The Jefferson City Community Center will not be used as a polling place in November, nor will it be used as a ballot drop-off location. The former one-room brick schoolhouse in Jefferson City, built in 1911, has remained, for the first time, largely empty this year due to the ongoing pandemic. Most years, the Jefferson City Community Center hosts a range of events for the fire department and the community — an Easter egg hunt, a chili feed, birthday parties, community days, public meetings and learning events.

Aside from some renovations--including murals, indoor restrooms, a small kitchen, handicapped accessibility, and areas created for the fire department — the building has remained mostly  the same as Marge and Lois Reilly recall. When they graduated from the 8th grade in 1952, they were the last class to do so.

The school was closed, to the best of Marge’s reconciliation, in part because of a small population and possibly because of some family feuds, perhaps due to the closed schools in Wickes and Corbin to consolidate with the schools in Boulder and Clancy, instead of Jefferson City.

In an effort to retain the history of the former schoolhouse, the well-worn floors are still the same, the blinds, the chalkboard, the coffee-stained wooden desk of a teacher, the rusting metal floor grates, the books lined up neatly in a glass-fronted bookcase, and a single outhouse all remain.

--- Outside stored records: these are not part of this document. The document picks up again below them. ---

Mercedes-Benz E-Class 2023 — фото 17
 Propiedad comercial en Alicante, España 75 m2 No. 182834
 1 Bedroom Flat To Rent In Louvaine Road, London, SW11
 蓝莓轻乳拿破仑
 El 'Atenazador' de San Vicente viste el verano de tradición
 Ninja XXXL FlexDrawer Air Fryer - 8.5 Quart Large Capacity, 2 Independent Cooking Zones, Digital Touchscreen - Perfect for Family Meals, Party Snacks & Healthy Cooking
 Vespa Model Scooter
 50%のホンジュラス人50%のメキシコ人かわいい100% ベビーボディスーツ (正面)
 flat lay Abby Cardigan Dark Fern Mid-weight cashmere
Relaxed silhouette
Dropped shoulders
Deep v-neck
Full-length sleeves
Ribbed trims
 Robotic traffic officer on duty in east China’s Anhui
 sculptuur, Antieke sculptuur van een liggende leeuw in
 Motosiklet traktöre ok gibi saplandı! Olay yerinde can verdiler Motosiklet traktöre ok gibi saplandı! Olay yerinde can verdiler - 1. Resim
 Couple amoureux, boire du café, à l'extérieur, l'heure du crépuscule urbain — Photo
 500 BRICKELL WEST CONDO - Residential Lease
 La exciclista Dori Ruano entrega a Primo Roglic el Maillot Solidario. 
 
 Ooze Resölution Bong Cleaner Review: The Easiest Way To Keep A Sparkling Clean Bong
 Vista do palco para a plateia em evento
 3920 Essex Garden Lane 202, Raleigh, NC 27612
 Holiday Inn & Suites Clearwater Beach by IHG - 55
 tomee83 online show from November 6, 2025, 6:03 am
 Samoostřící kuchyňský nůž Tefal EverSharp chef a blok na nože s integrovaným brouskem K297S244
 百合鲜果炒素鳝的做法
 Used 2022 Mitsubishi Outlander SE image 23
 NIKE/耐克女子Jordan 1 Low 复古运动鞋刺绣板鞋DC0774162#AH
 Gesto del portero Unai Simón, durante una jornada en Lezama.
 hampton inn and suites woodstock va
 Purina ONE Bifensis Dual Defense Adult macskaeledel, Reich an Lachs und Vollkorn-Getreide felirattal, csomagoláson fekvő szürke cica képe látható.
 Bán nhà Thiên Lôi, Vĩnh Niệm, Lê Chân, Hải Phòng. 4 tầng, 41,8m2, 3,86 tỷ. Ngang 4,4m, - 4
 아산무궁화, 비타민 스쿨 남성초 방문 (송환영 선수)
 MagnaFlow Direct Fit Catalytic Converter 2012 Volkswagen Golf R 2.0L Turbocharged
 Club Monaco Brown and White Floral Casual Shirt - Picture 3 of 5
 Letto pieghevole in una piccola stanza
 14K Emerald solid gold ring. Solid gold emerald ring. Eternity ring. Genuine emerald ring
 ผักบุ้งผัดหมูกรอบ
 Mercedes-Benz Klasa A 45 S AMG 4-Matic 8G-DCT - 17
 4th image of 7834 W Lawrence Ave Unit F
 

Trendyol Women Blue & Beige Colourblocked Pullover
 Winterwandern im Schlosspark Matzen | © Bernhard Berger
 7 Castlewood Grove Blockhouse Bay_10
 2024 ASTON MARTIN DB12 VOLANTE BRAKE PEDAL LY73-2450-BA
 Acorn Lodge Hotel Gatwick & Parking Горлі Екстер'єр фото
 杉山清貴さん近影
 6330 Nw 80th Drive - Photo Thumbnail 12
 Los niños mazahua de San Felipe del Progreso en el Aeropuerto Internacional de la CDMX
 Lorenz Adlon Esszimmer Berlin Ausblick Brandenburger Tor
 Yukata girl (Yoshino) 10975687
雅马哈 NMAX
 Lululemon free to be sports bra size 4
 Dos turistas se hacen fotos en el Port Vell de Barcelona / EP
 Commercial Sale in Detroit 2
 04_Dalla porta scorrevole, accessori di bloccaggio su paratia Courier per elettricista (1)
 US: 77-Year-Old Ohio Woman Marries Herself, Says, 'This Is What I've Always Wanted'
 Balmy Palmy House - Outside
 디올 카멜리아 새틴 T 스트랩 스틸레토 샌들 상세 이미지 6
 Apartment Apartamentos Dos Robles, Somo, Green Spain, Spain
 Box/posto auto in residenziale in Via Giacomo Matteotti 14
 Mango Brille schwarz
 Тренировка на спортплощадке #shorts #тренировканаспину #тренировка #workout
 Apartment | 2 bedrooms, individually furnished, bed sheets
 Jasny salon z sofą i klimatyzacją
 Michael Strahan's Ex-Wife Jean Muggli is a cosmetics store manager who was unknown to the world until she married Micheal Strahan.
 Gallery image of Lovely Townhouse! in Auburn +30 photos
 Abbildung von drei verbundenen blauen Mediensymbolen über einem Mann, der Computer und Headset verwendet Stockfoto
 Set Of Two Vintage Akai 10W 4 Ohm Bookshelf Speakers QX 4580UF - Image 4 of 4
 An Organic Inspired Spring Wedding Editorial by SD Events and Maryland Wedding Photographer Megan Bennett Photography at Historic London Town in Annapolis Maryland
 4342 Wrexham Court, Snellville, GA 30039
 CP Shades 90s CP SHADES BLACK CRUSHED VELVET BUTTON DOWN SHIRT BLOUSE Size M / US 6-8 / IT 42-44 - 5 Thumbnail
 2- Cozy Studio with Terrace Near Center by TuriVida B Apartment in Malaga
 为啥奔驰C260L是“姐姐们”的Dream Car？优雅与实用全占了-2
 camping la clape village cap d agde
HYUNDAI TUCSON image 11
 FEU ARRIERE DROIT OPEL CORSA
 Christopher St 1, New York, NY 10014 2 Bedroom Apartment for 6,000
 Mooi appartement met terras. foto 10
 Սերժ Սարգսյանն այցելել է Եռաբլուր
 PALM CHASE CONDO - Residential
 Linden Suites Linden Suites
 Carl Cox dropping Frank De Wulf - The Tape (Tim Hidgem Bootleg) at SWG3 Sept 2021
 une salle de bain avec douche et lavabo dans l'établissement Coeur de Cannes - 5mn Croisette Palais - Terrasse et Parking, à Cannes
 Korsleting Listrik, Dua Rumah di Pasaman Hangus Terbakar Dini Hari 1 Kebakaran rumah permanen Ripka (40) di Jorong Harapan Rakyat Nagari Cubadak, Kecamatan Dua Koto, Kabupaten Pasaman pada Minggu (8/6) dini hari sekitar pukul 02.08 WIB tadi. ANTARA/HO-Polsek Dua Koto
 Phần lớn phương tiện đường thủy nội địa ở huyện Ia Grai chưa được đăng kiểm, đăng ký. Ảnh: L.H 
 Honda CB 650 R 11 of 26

Though some items were lost to time or the hands of others, the Reilly’s recall the old wooden desks with slots for their papers hidden under the top that have long since gone missing. The school bell was stolen as well. It was later replaced years ago by Frank Bost from back east.

“It was a wonderful school,” said Marge, adding that schools have changed tremendously in the last 20 years. “When we were going to school, teachers taught, that was their main function … Sometimes it just blows my mind what we actually ask teachers to do.” Marge said that when she attended the school, teachers taught and had to do some light cleaning of the schoolhouse, whereas teachers now play the role of the social worker. “They have a tremendous responsibility...for not much money. They spend a lot of their own money on kids”

“Mrs. McConnell was our teacher … and she was an excellent teacher,” Marge said, relaying one of her favorite memories of her time at the school, “I always remember the other student that was here … he had problems in other schools and he acted up one day. She walked over very quietly — there was no physical anything, there was no yelling — but the upshot was, she told him she was the teacher and she was to teach and he was the student and he would learn and that we would both get along. She never had another problem with him again. She was one of those older teachers who knew how to discipline.”

Their love for the building runs deep, with Marge having her wedding reception at the 

schoolhouse in 1985 before many of the modern additions to the building began construction. Later, she was involved with the community center as part of the board when they began fundraising for the renovations. And, later, Marge, with the help of Bud Siderits, chief of the Jefferson City Volunteer Fire Department, created a brochure to celebrate the 100th anniversary of the schoolhouse.

While the Jefferson City Community Center may stay quiet this year, its ardent supporters will never allow it to stay that way. It will always be the heart of Jefferson City, as long as the community continues to value and protect it.